A novel data-driven robust framework based on machine learning and knowledge graph for disease classification
Md. Saiful Islam
- 信息学院－已发表论文 
Abstract(#br)As Noncommunicable Diseases (NCDs) are affected or controlled by diverse factors such as age, regionalism, timeliness or seasonality, they are always challenging to be treated accurately, which has impacted on daily life and work of patients. Unfortunately, although a number of researchers have already made some achievements (including clinical or even computer-based) on certain diseases, current situation is eager to be improved via computer technologies such as data mining and Deep Learning. In addition, the progress of NCD research has been hampered by privacy of health and medical data. In this paper, a hierarchical idea has been proposed to study the effects of various factors on diseases, and a data-driven framework named d-DC with good extensibility is presented. d-DC is able to classify the disease according to the occupation on the premise where the disease is occurring in a certain region. During collecting data, we used a combination of personal or family medical records and traditional methods to build a data acquisition model. Not only can it realize automatic collection and replenishment of data, but it can also effectively tackle the cold start problem of the model with relatively few data effectively. The diversity of information gathering includes structured data and unstructured data (such as plain texts, images or videos), which contributes to improve the classification accuracy and new knowledge acquisition.

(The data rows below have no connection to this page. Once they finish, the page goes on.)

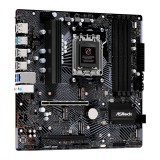 เมนบอร์ด ASRock B650M PG Lightning AM5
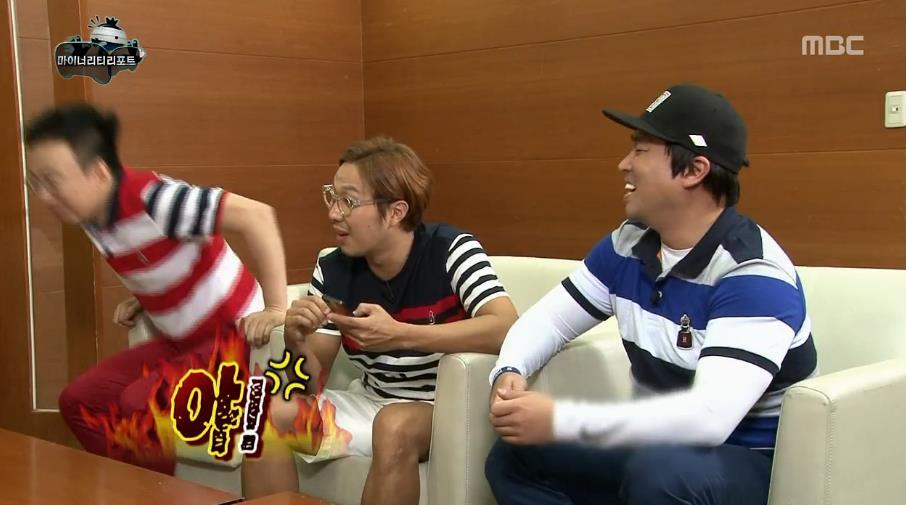 무한도전 마이너리티 리포트 티키타카.jpg | 인스티즈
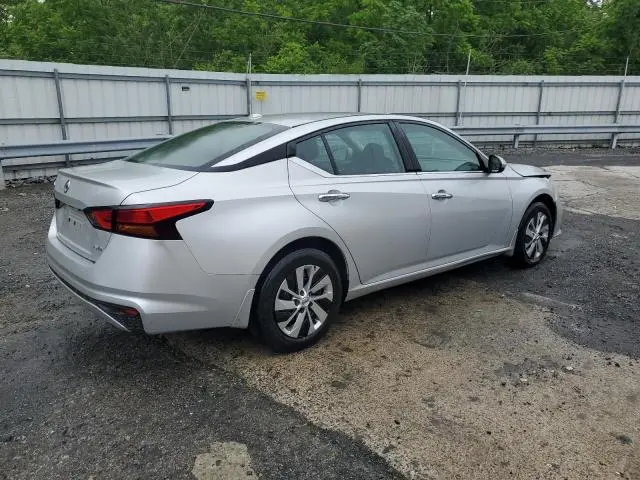 2020 NISSAN ALTIMA S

Apart from adopting machine learning methods, d-DC has employed knowledge graph (KG) to classify diseases for the first time. The vectorization of medical texts by using knowledge embedding is a novel consideration in the classification of diseases. When results are singular, the medical expert system was proposed to address inconsistencies through knowledge bases or online experts. The results of d-DC are displayed by using a combination of KG and traditional methods, which intuitively provides a reasonable interpretation to the results (highly descriptive). Experiments show that d-DC achieved the improved accuracy than the other previous methods. Especially, a fusion method called RKRE based on both ResNet and the expert system attained an average correct proportion of 86.95%, which is a good feasibility study in the field of disease classification.